JAPAN_CINEMA_BANNER

Japanese cinema first came to prominence in the west when Akira Kurosawa's Rashomon won the grand prize at the Venice Film Festival in 1951. Although a great many innovative films from Japan were made during the period after the Second World War as a result of the newly granted freedom that was available to artists, writers and filmmakers, Japan had always had a rich national tradition of cinema that dated back to the very early days of motion pictures. Kenji Mizoguchi, Yasujiro Ozu, and Teinosuke Kinugasa had been making films as early as the 1920's.

Japanese cinema developed in a manner that kept it 10 years behind the films of the west. There were some commercial and technological reasons for this, such as problems with film equipment and the organization of the film industry in general, but the strongest reasons seem to have been aesthetic ones.
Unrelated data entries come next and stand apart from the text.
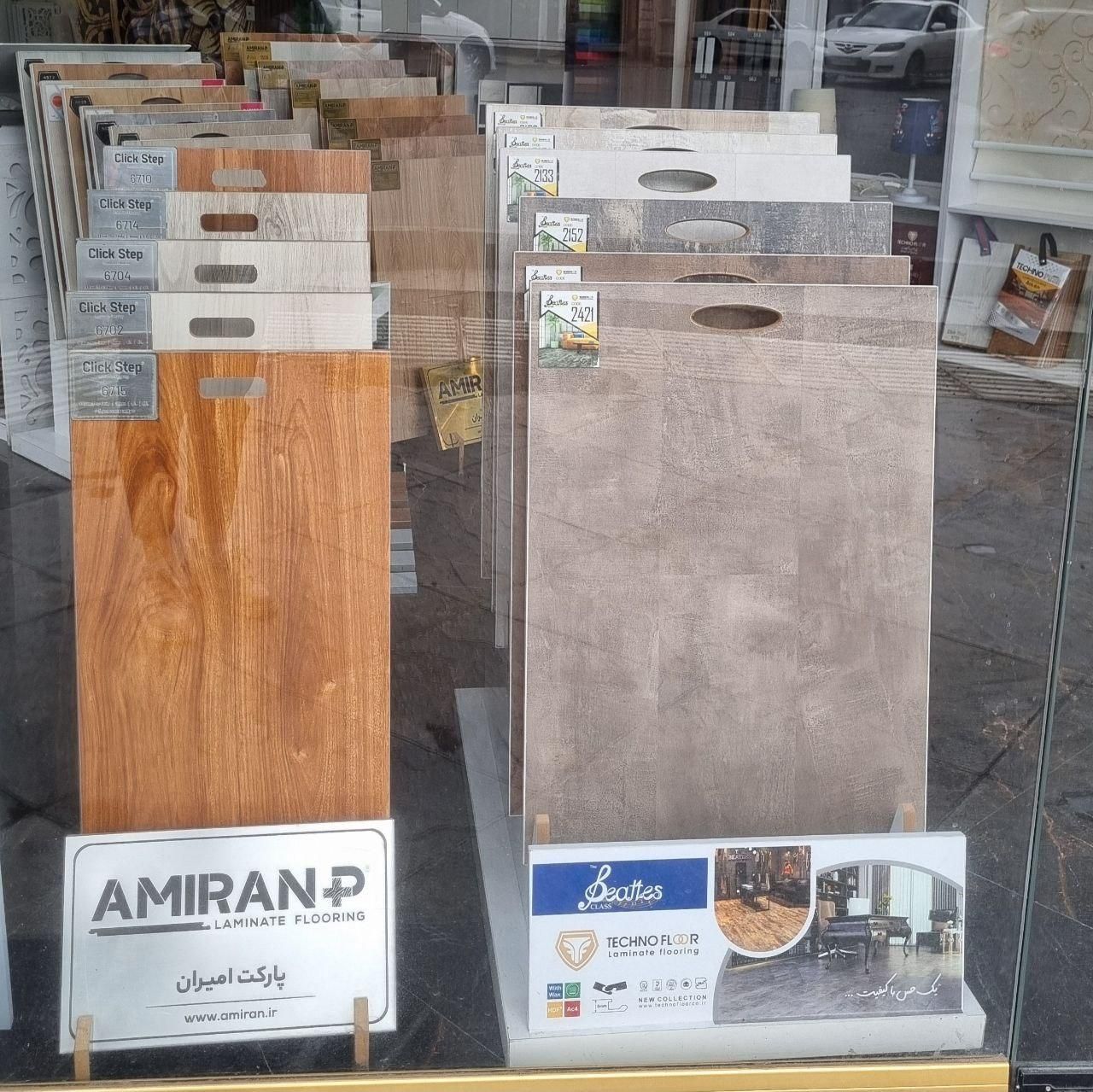 پخش پارکت لمینت و کفپوش پی وی سی|مصالح و تجهیزات ساختمان|کرج, گوهردشت|دیوار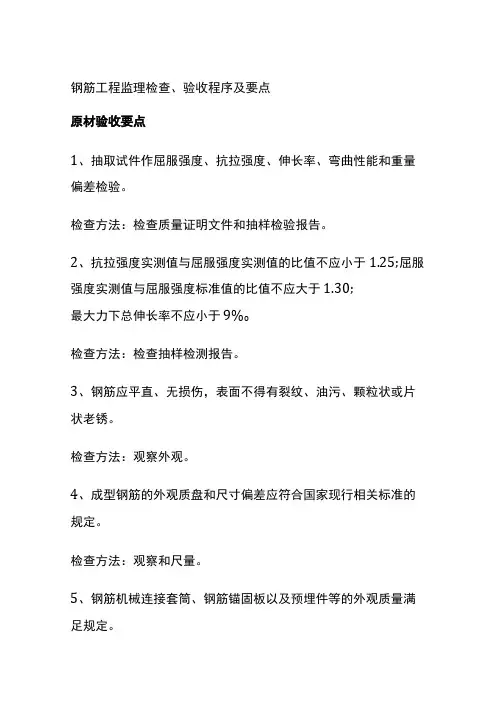 (全)钢筋工程监理检查、验收程序及要点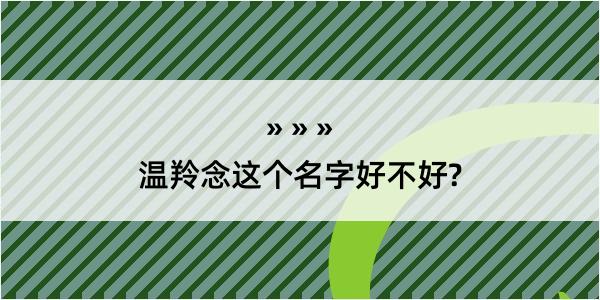 温羚念这个名字好不好?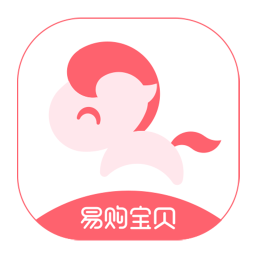 易購寶貝最新版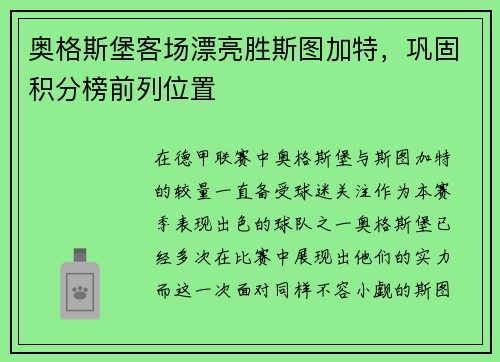 奥格斯堡客场漂亮胜斯图加特，巩固积分榜前列位置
Women in Japan did not first appear in films untill the mid 1920's. The parts of women characters were played by female impersonators called oyama.This practice kept Japanese cinema tied to its theatrical origins, but it caused the early films to appear to be lacking the naturalness and spontaneity that was gradually developing in the films of west between the years 1905 to 1915. These early films also used a narrator who was present in the theater and spoke the parts in the film intended as dialogue. This eliminated the need to have printed titles and in some cases the narrator became the star attraction of many films, with the audience going to see a film solely because of its narrator. But one of the problems of having a narrator speak for a film is that the film does not have to speak for itself. This resulted in the early films from Japan in not developing a uniquely visual cinematic language that was starting to appear in the films of western directors such as D.W. Griffith, Sergei Eisenstein and F.W. Murnau.

Sound first appeared in Japanese films almost a decade after it had made its appearance in the west.The first successful sound film The Neighbor's Wife was not produced in Japan untill 1931 and by 1932 only 45 out of 400 Japanese films used synchronized sound for their films. The silent era of film production did not end completely in Japan untill 1937.

The advent of sound in Japan coincided with the beginning of the Second World War. The Japanese government demanded that all film production be used to support the actions of the government. As a result the films of that period supported the policies of the Japanese military. After the war ended the American occupation government also restricted what topics could be the subject of Japan's film industry insisting instead on films that illustrated the values of peaceful living and democratic institutions.

The film industry in Japan is unique in the sense that for many years it was the only film industry in the world organized like Hollywood. Many film studios in the world were either empty buildings where film companies worked or were state owned enterprises. Japan's film industry was a collection a small companies each one with its own directors, writers,producers, and actors who were in fierce competition with one another. The Japanese film industry was second only to Hollywood in total yearly output. The bad side of this intense production culture is that like Hollywood, a great deal of banal and mediocre films were produced in Japan, but also like the American film industry a great number of important works of art were produced in Japan as well.

But unlike Hollywod, the Japanese film industry is built around the director. The director is really the most powerful single person in a film company, unlike Hollywood where it is the producer that is the most prominent. It is often the director's name that is the main attraction on a film's release. The actors in the Japanese system tend to wield far less influence than their American counterparts. They are also paid significantly less. The Japanese film producer is really like the first assistant director in an American film production company.This person is really more of an assistant who manages production details than someone who actually makes important decisions about a film's creative direction.

Japanese film companies are run like "film families" where the director is the paternal head of the organization. The Japanese system is in some ways much less competitive than other national film system , such as Hollywood. Japan's film industry doesn't import talent from other media such as theater or academia, unlike the other national film industries which have routinely imported talent from the theater (Sam Mendes American Beauty and Mike Nichols Who's Afraid of Virginia Woolf) as well as prominent film journals (Francois Truffaut, Jean-Luc Goddard, and Peter Bogdanovich).One of the disadvantages with this system is that it perpetuates mediocrity and talented filmmakers in Japan are required to serve long apprenticeships before moving up to the position of a director.

Japanese cinema has produced an incrdible wide variety films in terms of its subject matter,so it is hard to characterize the films in a general way. But the finest examples of Japanese cinema do have some common traits. Unlike Hollywood whch often add a lot of colorful scenes whose purpose is to build up the atmosphere of a film, Japanese films are economical in form. Every aspect of the film's plot, dialogue, and action is focused on answering the film's central question.

The second trait that many of Japan's finest films share is that they are not intended to be studies of individual people or small intimate groups, but are meant to represent large cross-sections of the population who take different paths in life , make different choices and end up in different places by the film's end.

There has been a consistent stream of feature length films to come out of Japan since Akira Kurosawa's Rashomon won Venice Film Festival in 1951, but over the course of the last 15 years the most influential form of filmmaking to come out of Japan has been Anime. Anime has it's origins in the early 1960's, the best example being the television show. "Astro Boy". Since Astro Boy's debut in 1963, Anime has grown into an enormous industry producing every form of animation imaginable in every media in existence. It is an internatioal art form which has reached every corner of the world.